> WHAT TO DO:
Write out again the lines from the line with "BESTOUCH Sheet Set" up to and including the line with "Refix v1 | Eğilerek", exactly as they stand below, and skip any picture.

[GIVEN INFORMATION Boundary: Start]

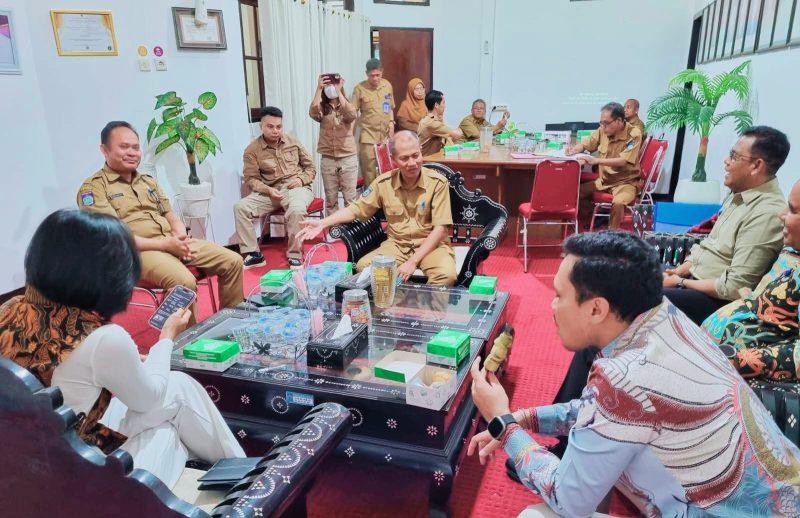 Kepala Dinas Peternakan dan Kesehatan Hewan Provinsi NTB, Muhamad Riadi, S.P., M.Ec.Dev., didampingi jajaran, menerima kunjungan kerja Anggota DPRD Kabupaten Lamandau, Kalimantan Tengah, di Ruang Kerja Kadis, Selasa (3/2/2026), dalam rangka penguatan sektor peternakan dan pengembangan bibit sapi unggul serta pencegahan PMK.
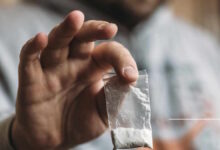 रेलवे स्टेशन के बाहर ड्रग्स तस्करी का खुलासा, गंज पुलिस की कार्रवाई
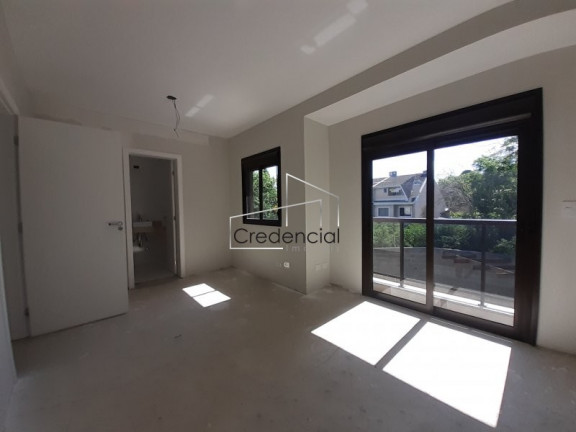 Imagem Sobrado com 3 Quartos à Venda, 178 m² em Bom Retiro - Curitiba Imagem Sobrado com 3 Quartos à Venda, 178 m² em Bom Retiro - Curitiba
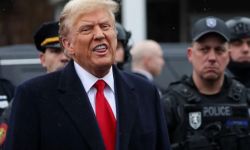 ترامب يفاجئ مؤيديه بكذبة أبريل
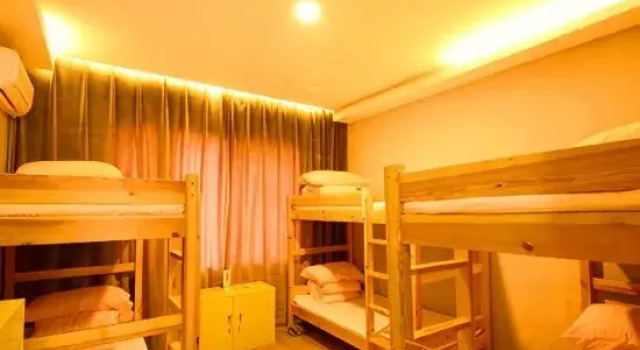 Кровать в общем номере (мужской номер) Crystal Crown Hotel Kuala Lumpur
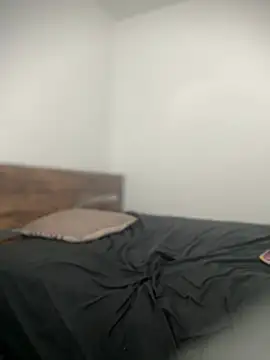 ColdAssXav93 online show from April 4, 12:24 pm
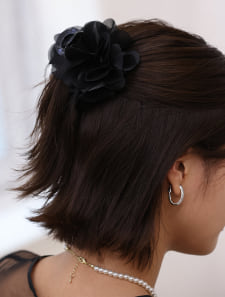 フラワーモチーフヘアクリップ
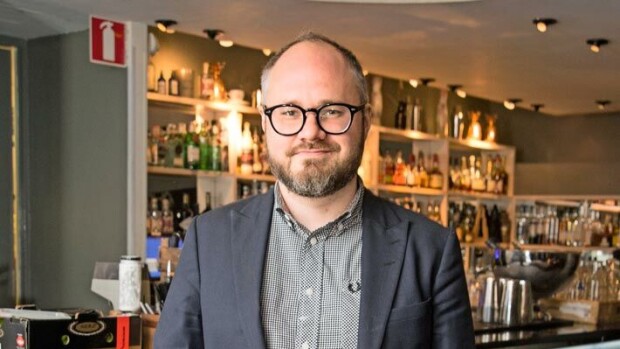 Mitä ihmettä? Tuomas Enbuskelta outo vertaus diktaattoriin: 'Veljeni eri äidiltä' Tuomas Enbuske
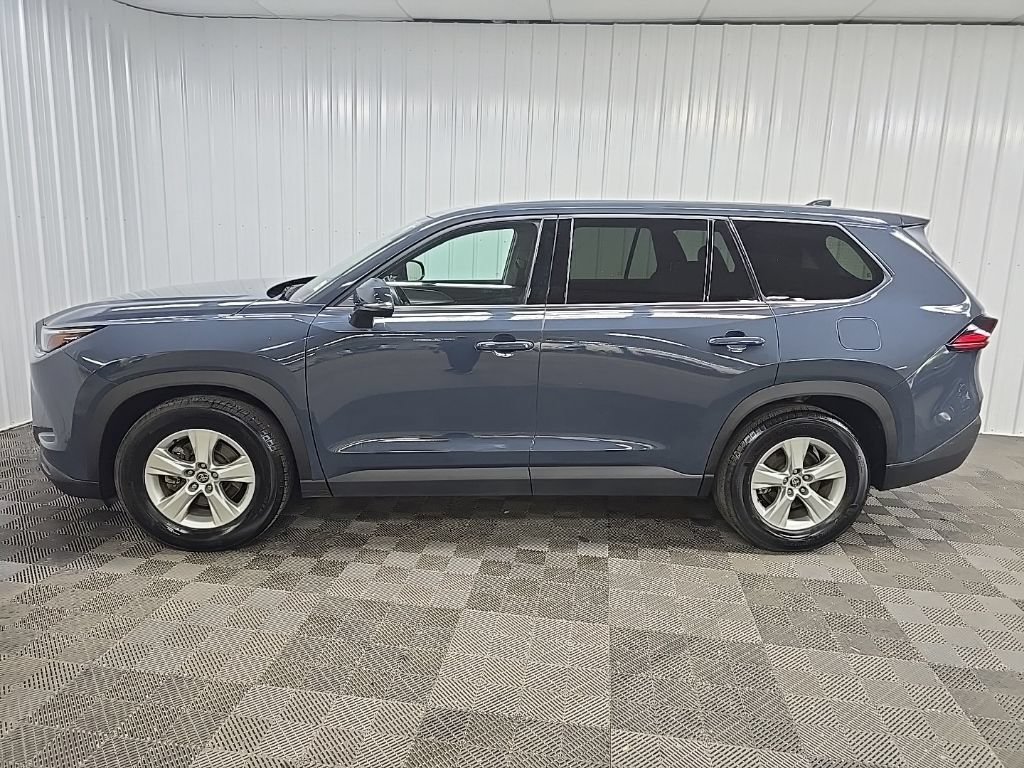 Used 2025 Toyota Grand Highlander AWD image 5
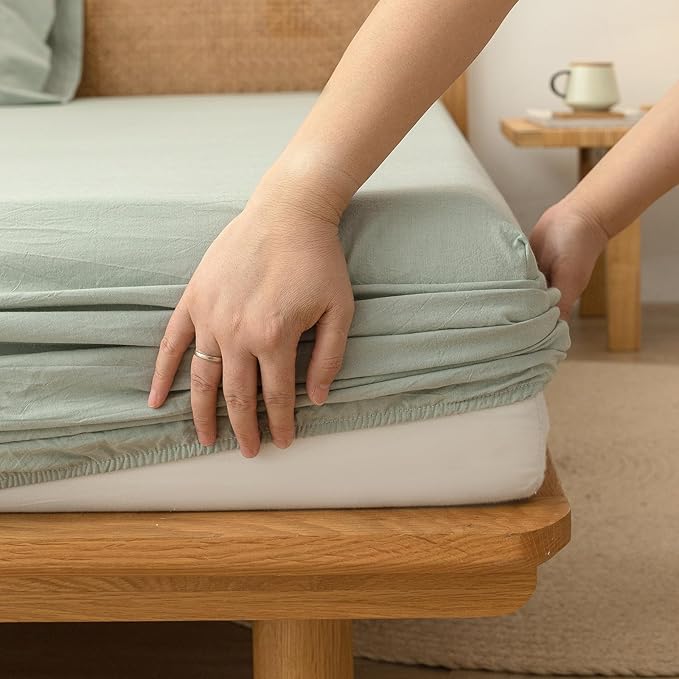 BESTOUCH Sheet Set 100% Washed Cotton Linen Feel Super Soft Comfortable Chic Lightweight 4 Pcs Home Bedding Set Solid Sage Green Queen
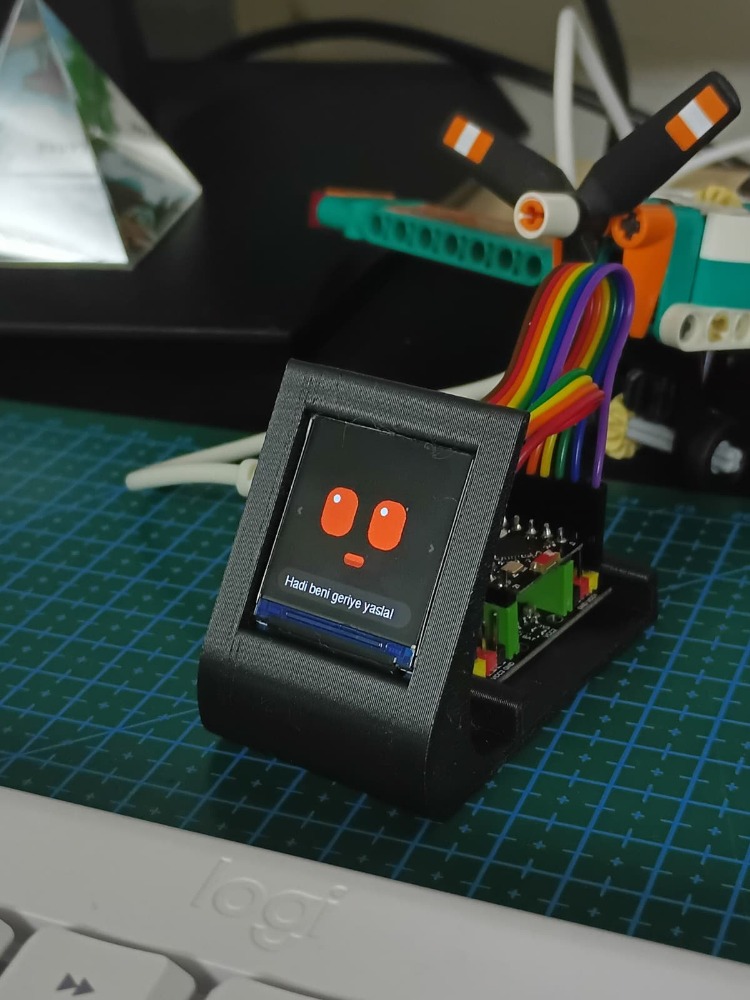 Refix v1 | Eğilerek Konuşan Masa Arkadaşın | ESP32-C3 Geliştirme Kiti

[GIVEN INFORMATION Boundary: End]
[GIVEN INFORMATION Boundary: Start]

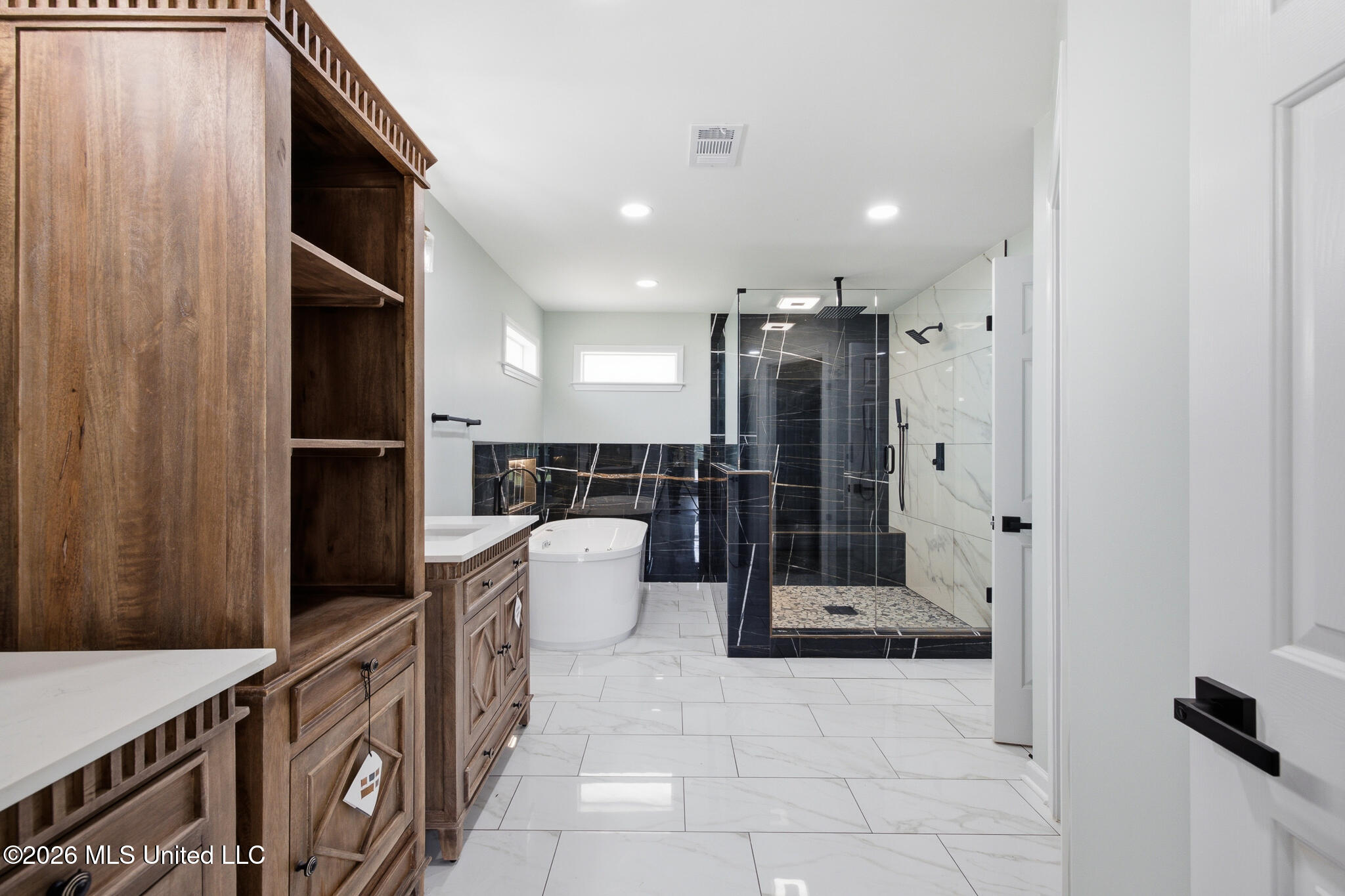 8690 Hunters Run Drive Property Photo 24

[GIVEN INFORMATION Boundary: End]
[GIVEN INFORMATION Boundary: Start]

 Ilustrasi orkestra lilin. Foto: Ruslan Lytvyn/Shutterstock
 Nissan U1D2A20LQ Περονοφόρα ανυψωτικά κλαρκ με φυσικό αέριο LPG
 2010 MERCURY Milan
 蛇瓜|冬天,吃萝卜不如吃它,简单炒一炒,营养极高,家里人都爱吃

[GIVEN INFORMATION Boundary: End]

> RESULT:
 BESTOUCH Sheet Set 100% Washed Cotton Linen Feel Super Soft Comfortable Chic Lightweight 4 Pcs Home Bedding Set Solid Sage Green Queen
 Refix v1 | Eğilerek Konuşan Masa Arkadaşın | ESP32-C3 Geliştirme Kiti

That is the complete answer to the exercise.